Retype every line from the one containing "Arabesque w single leg squat x 2" through the last line of the records below, both included; leave out the pictures.

============

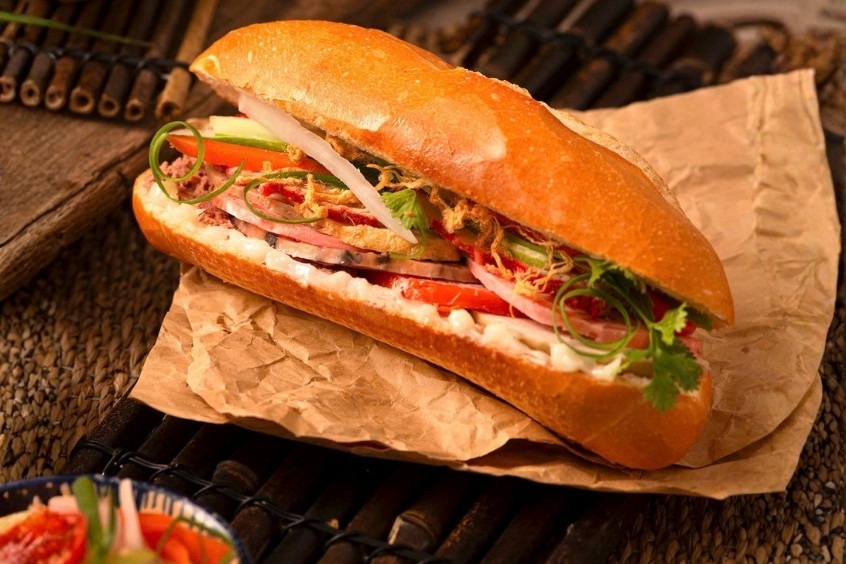 Bánh mì Sài Gòn - Được mệnh danh là tinh hoa ẩm thực đường phố Việt Nam 
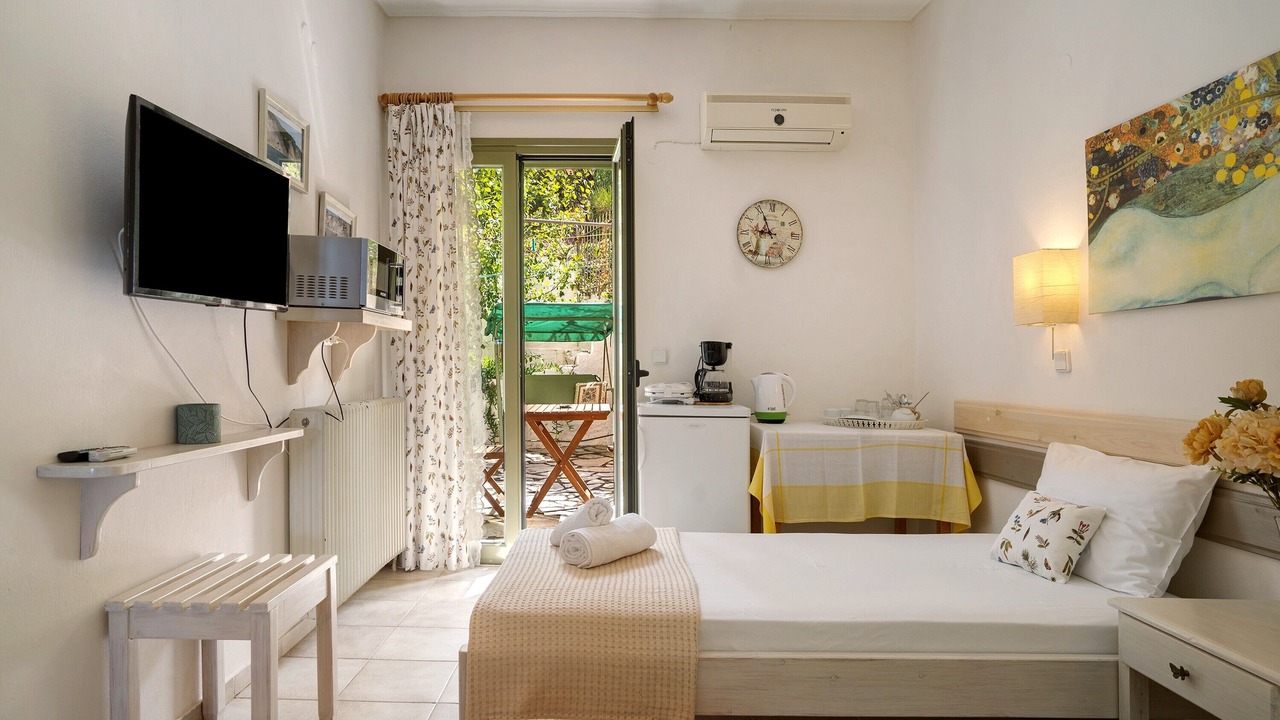 Photo of Bedroom in Kalamitsi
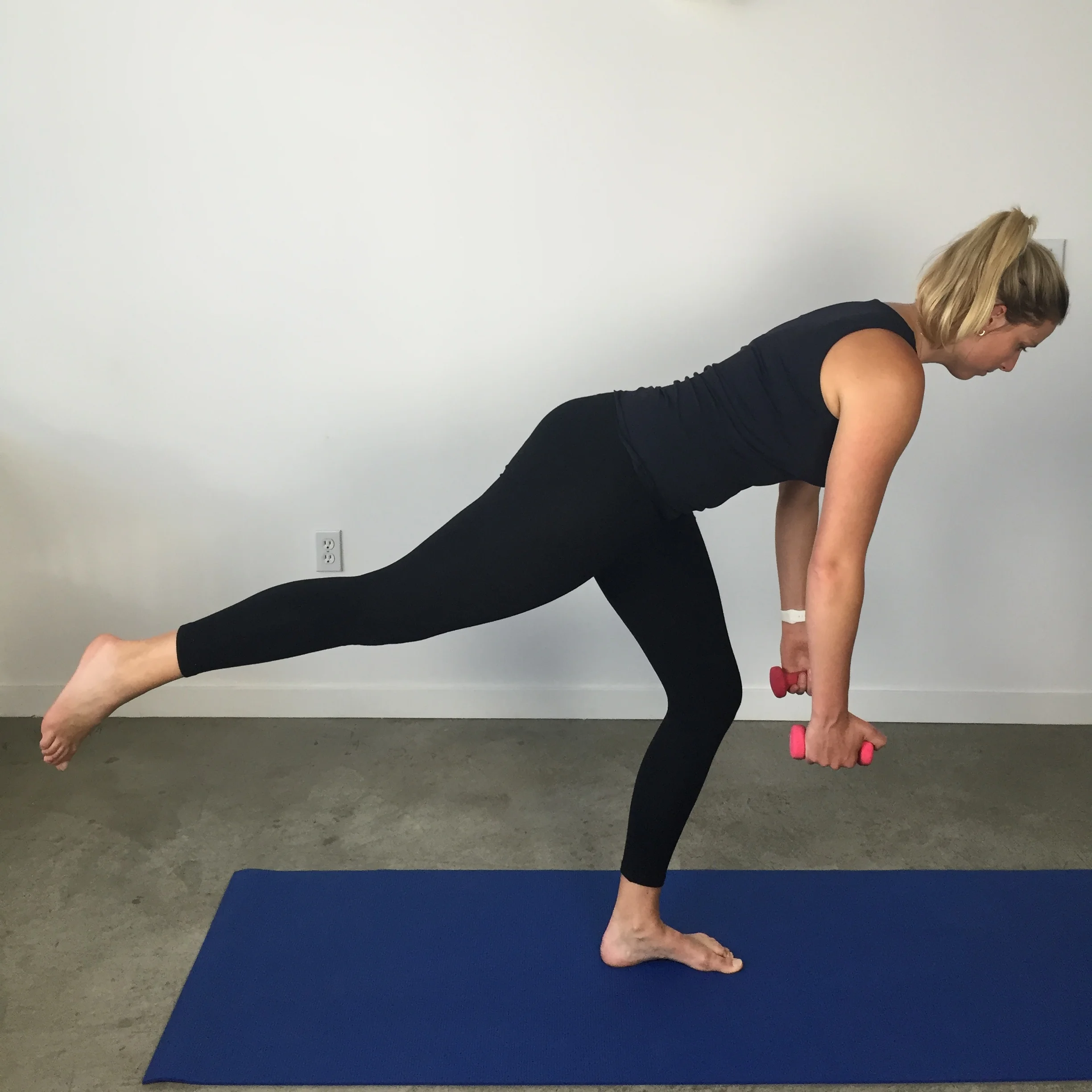 Arabesque w single leg squat x 2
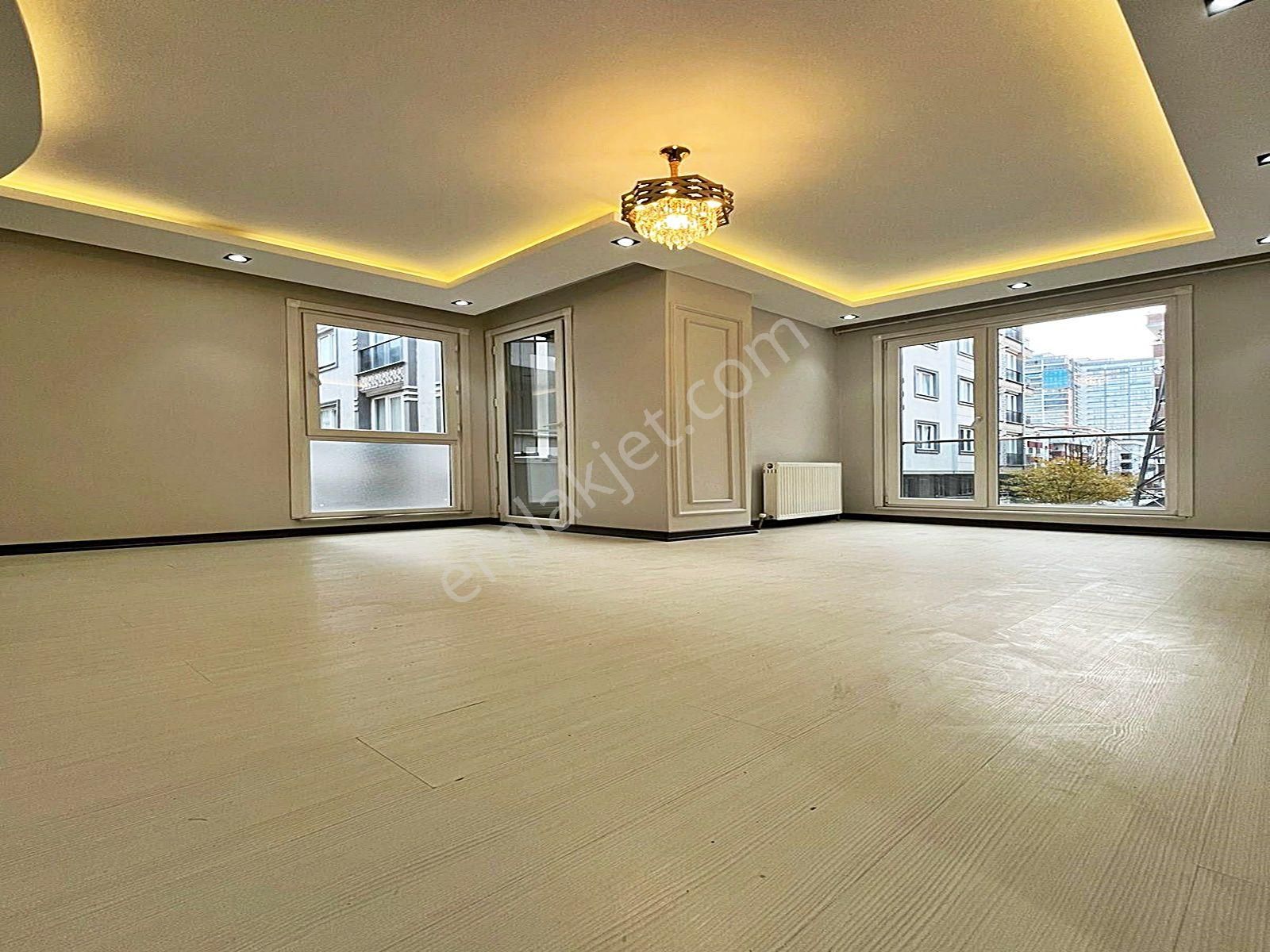 Metrobüse Yürüme Mesafesinde !! Butik Site İçinde 2+1 Lüks Daire !!! - Görsel 13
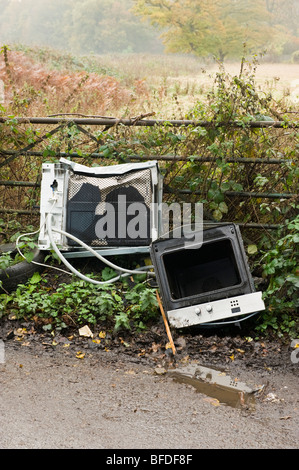 ausgediente Elektrogeräte gedumpten am Straßenrand Schweißer Lane in Jordans Buckinghamshire UK Stockfoto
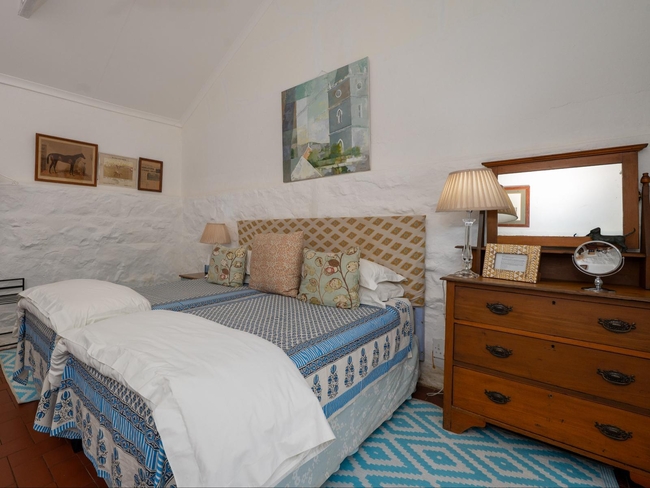  Stable Cottage - Equilateral - Room 02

============

Reply:
 Arabesque w single leg squat x 2
 Metrobüse Yürüme Mesafesinde !! Butik Site İçinde 2+1 Lüks Daire !!! - Görsel 13
 ausgediente Elektrogeräte gedumpten am Straßenrand Schweißer Lane in Jordans Buckinghamshire UK Stockfoto
  Stable Cottage - Equilateral - Room 02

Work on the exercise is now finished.